A temporary water control structure that was built in 2015 to replace the dam was removed, and the river is now an open channel. The area around the former auxiliary spillway has been restored as a wetland area. There are two public parking areas built at former project staging areas. The river is now open, and there is access to the river at these areas for kayaks and canoes.

===Plainwell Mill ===

EPA signed a record of decision for the former Plainwell Paper Mill in Sept. 2015. The selected cleanup plan requires the excavation and off-site disposal of contaminated soil from the former mill site. The cleanup work plans were finalized in Sept. 2016, and Pre-Design Investigation work was completed in 2017. Cleanup work will start once EPA approves the work plan, expected in 2018 or early 2019.

===Portage Creek===

Work on the last OU, Portage Creek, began in September 2011. From April to October 2012, the EPA removed about 12,000 cubic yards of PCB-contaminated soil and sediment from Portage Creek, replaced it with clean sediment, and planted new trees and other vegetation. The EPA planned to return to the site in March 2013 to “try to complete the last segment of Portage Creek, where the creek and the Kalamazoo River meet.” If necessary, the EPA planned additional work at Portage Creek in the summer of 2014.

==Technical background==

The Comprehensive Environmental Response, Compensation and Liability Act, which was passed in 1980, calls for the cleaning up, under EPA supervision, of abandoned hazardous waste sites that release pollutants into the environment. The EPA works at the Kalamazoo Superfund site in conjunction with state and regional interest groups.

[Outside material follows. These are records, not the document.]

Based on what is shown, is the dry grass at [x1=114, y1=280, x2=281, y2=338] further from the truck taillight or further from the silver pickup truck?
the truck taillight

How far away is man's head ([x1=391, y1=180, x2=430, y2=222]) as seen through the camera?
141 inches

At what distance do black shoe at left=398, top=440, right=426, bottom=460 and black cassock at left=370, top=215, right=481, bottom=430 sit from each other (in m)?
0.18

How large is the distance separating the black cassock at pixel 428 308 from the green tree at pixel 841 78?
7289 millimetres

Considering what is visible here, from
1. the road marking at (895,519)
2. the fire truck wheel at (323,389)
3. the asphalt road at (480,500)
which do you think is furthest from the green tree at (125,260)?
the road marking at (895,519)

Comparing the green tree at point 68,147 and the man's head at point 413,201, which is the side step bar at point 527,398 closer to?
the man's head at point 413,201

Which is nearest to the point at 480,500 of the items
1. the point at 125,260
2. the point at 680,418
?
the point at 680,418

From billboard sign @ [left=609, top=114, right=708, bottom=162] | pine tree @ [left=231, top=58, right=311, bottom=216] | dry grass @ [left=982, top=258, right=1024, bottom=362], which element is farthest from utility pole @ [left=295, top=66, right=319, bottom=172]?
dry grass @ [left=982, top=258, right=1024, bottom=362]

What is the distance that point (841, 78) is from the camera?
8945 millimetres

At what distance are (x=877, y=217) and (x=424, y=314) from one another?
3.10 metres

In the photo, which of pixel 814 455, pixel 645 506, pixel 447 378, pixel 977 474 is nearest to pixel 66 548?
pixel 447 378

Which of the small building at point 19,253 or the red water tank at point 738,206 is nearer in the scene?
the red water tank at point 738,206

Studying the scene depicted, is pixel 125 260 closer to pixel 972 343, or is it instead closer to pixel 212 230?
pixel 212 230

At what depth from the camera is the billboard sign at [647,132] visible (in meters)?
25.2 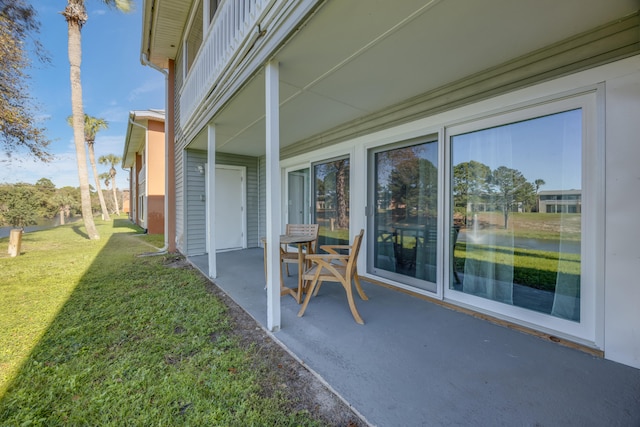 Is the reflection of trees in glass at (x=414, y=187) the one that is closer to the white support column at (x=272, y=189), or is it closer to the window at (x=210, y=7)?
the white support column at (x=272, y=189)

The Potentially Responsible Party is an individual, corporation, or group that can be held financially responsible, at least in part, for the cleanup of the Superfund site. Recent court actions have resulted in the following companies being identified by the U.S. Environmental Protection Agency (EPA) as Potentially Responsible Parties for the Kalamazoo River: NCR, International Paper Company, Georgia-Pacific LLC, Weyerhaeuser and Millennium Holdings.

Polychlorinated biphenyls (PCB) constitute a wide array of now-banned organic chemicals with a variety of industrial applications. At the Kalamazoo River site, most PCBs are a result of the recycling of carbonless copy paper during the 1970s, the waste products from which were dumped into the river. PCBs were produced from 1929 to 1979, when they were banned by the Toxic Substances Control Act.

PCBs are human carcinogens, and can also have a negative effect on the human immune, reproductive, and endocrine systems. PCBs in the Kalamazoo River adhere to the fatty tissue of fish, and over time a process of bioaccumulation takes place, meaning that the PCBs appear in increasing concentrations in organisms higher up on the food chain, including humans. A report by the Michigan Department of Health in 2002 found that the Kalamazoo River is now safe for recreational use despite some PCB contamination.

The National Priorities List (NPL) allows for highly hazardous sites to be dealt with immediately. Substances deemed toxic are given Hazard Ranking System Package scores based on the level of toxicity and the potential hazard to human health and the ecosystem. Sites with Hazard Ranking System Package scores of 28.5 or higher out of 100 are placed on the NPL, pending official approval.